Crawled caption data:
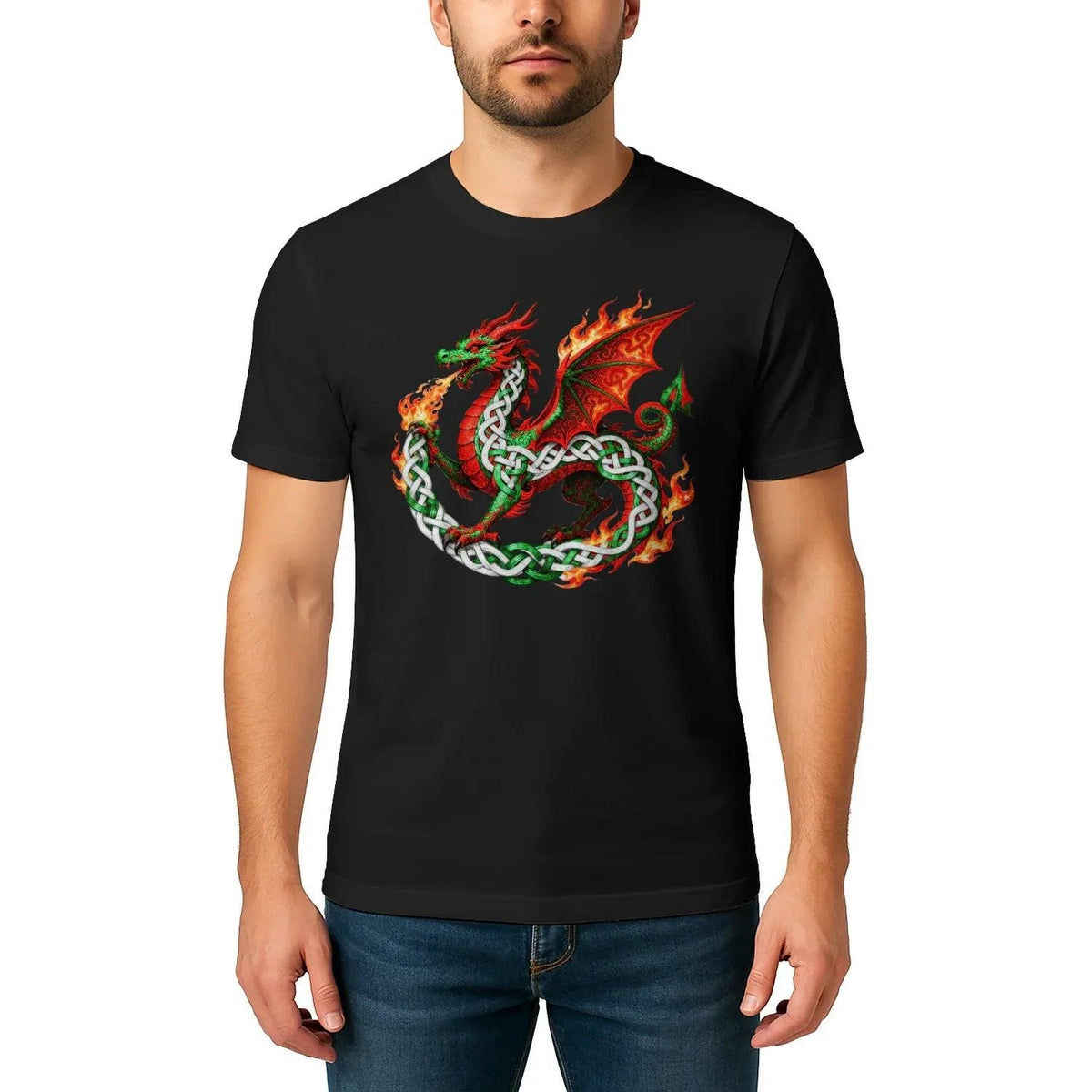 Welsh Dragon T-Shirt - Fire Flame, Unisex Matchday Wear - Celtic Wolfwear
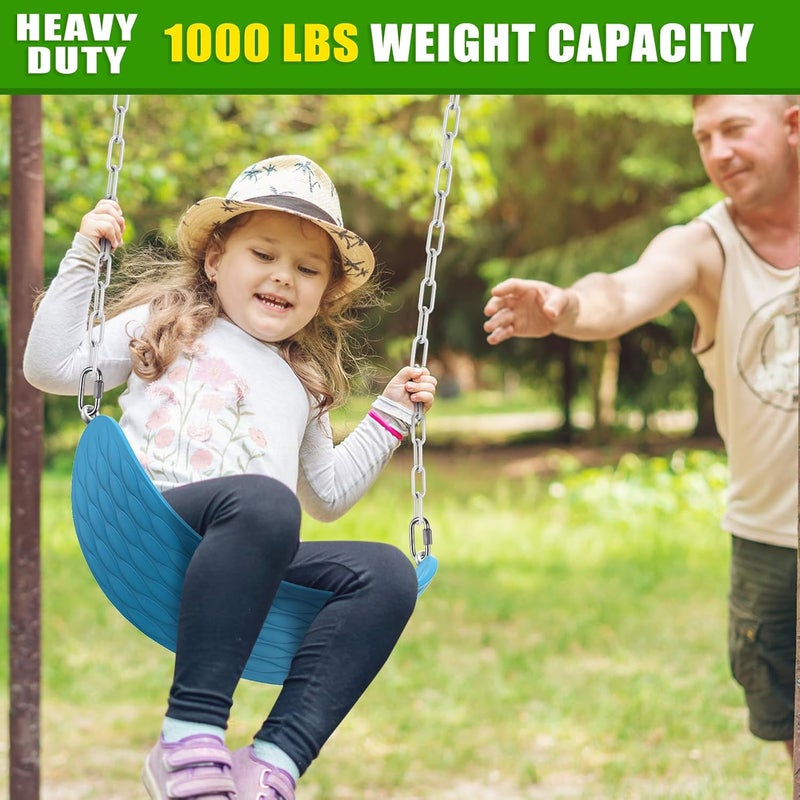 BeneLabel 2Pcs 80" Swing Chain with Hooks Swing Set Chain 1000 LBs Capacity Coated Porch Swing Chains with Carabiners White Chains for Hanging Chair, Hammock Chairs, Swing Chairs, Heavy Bags - Image 2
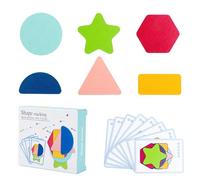 Gupcaqosjw Game di abbinamento della geometria, puzzle di abbinamento a forma - Apprendimento educativo in legno Maze corrispondente | Strere in età prescolare, geometria liscia Accumulo di giocattolo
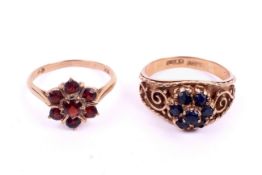 Two yellow metal and gemstone dress rings.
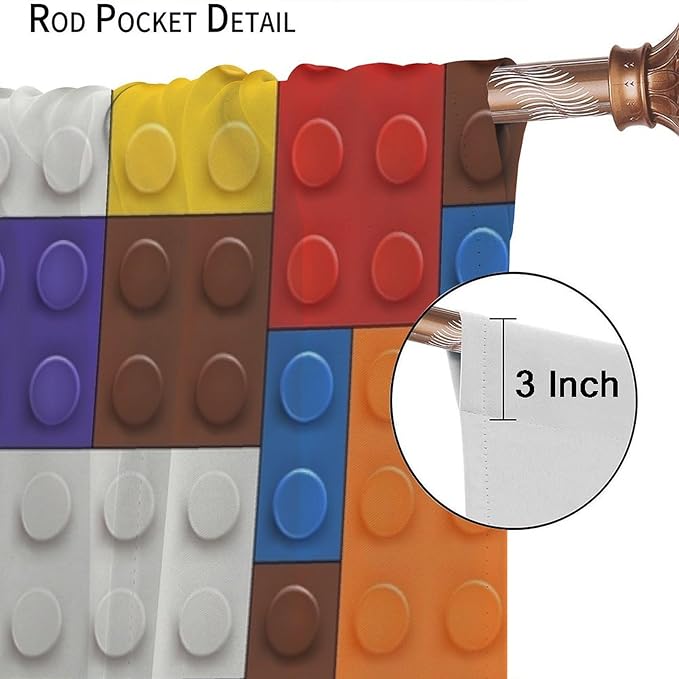 Kids Boy Curtain Blocks Toy Abstract Outline Colorful Geometric Brick Print Curtain for Boys Girls Nursery Room Curtains 42x45 Inch 2 Panels(Decor Curtains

→ WHAT IS BEING ASKED
Output each record verbatim, but skip anything that is a picture.

→ SOLUTION TO THE EXERCISE
 Welsh Dragon T-Shirt - Fire Flame, Unisex Matchday Wear - Celtic Wolfwear
 BeneLabel 2Pcs 80" Swing Chain with Hooks Swing Set Chain 1000 LBs Capacity Coated Porch Swing Chains with Carabiners White Chains for Hanging Chair, Hammock Chairs, Swing Chairs, Heavy Bags - Image 2
 Gupcaqosjw Game di abbinamento della geometria, puzzle di abbinamento a forma - Apprendimento educativo in legno Maze corrispondente | Strere in età prescolare, geometria liscia Accumulo di giocattolo
 Two yellow metal and gemstone dress rings.
 Kids Boy Curtain Blocks Toy Abstract Outline Colorful Geometric Brick Print Curtain for Boys Girls Nursery Room Curtains 42x45 Inch 2 Panels(Decor Curtains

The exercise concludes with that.